This example is adapted from here

ZTestOneSample ztest = ZTestOneSample.test(
6.7, /* sample mean */
29, /* sample size */
5, /* tested mean */
7.1, /* population standard deviation */
0.05, /* significance level */
HTest.Alternative.GREATER_THAN /* alternative */
);
ztest.printSummary();
> HTTools.zTestOneSample

 One Sample z-test

mean: 5
sd: 7.1
significance level: 0.05
alternative hypothesis: one tail P > z

sample size: 29
sample mean: 6.7
z score: 1.2894057
p-value: 0.0986285477062051
conf int: [4.1159112,9.2840888]

P-value is greater than significance level which means that we cannot reject the null hypothesis. We don’t have enough evidence.

Example 3: Two samples z test#

The amount of a certain trace element in blood is known to vary with a standard deviation of \(14.1\) ppm (parts per million) for male blood donors and \(9.5\) ppm for female donors. Random samples of \(75\) male and \(50\) female donors yield concentration means of \(28\) and \(33\) ppm, respectively. What is the likelihood that the population means of concentrations of the element are the same for men and women?

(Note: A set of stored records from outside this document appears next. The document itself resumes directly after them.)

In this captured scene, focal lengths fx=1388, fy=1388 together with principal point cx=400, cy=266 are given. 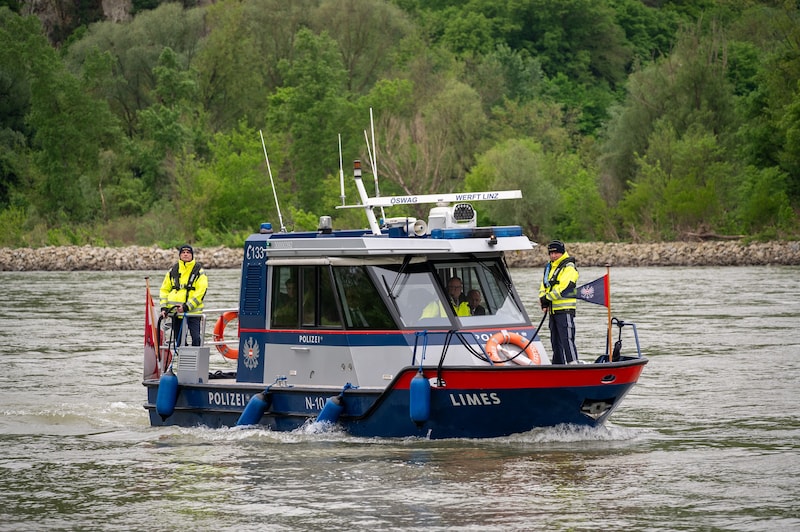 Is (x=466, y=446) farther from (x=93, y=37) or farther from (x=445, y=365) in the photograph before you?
(x=93, y=37)

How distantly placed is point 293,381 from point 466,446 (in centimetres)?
219

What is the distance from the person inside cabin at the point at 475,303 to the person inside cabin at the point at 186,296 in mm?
3521

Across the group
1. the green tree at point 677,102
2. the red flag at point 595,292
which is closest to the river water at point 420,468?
the red flag at point 595,292

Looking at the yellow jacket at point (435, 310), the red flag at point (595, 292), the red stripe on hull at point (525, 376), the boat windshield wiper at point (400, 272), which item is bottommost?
the red stripe on hull at point (525, 376)

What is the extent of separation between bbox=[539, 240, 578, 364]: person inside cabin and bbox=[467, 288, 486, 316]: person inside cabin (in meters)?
0.70

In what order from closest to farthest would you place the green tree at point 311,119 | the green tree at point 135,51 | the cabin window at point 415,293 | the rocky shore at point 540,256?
the cabin window at point 415,293 → the rocky shore at point 540,256 → the green tree at point 311,119 → the green tree at point 135,51

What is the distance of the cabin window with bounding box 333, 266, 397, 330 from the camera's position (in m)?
15.1

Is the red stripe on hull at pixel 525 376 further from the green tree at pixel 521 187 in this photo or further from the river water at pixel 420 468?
the green tree at pixel 521 187

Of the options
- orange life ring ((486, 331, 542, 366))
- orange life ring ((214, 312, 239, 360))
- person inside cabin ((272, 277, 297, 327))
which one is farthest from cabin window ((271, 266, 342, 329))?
orange life ring ((214, 312, 239, 360))

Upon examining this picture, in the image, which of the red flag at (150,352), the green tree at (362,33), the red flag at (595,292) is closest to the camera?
the red flag at (595,292)

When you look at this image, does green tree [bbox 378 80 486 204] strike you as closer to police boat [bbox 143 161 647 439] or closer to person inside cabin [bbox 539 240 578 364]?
police boat [bbox 143 161 647 439]

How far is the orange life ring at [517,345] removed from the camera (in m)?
14.9

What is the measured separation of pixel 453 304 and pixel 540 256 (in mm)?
46191

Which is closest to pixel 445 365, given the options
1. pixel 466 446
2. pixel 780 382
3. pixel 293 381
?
pixel 466 446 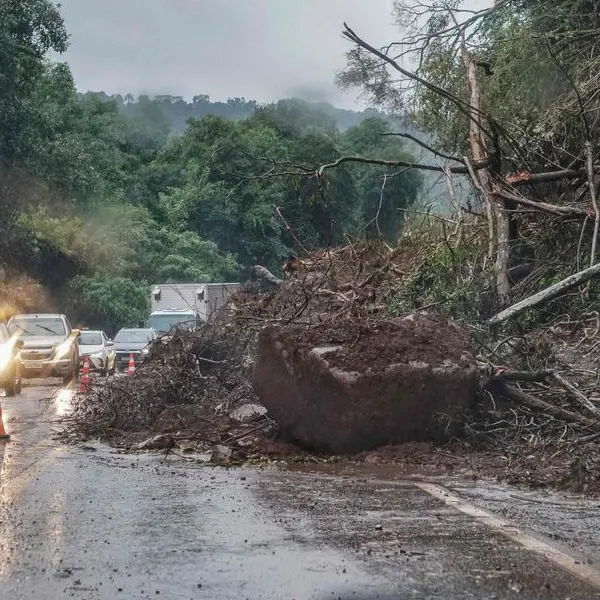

According with central limit theorem we can assume that the distribution of the sample mean is a normal distribution. More than that, since we have random samples, than the sample mean difference has a normal distribution. And because we know the standard deviation for each population, we can use a two sample z test for testing the difference of the sample means.

\[H_0 : \mu_1 - \mu_2 = 0\]
\[H_1 : \mu_1 - \mu_2 \neq 0\]

This example is taken from here.

ZTestTwoSamples.test(
28, 75, /* male sample mean and size */
33, 50, /* female sample mean and size */
0, /* difference of means */
14.1, 9.5 /* standard deviations */
).printSummary();
> HTTools.zTestTwoSamples

 Two Samples z-test

x sample mean: 28
x sample size: 75
y sample mean: 33
y sample size: 50
mean: 0
x sd: 14.1
y sd: 9.5
significance level: 0.05
alternative hypothesis: two tails P > |z|

sample mean: -5
z score: -2.3686842
p-value: 0.017851489594360337
conf int: [-9.1372421,-0.8627579]

The test run with \(0.05\) significance level (because it was a default value). The alternative is two tails since we test for difference in means not equal with zero. The resulted p-value is lower than the significance value which means that we reject the hypothesis that the two populations have the same mean. We can see that also from confidence interval, since it does not include \(0\).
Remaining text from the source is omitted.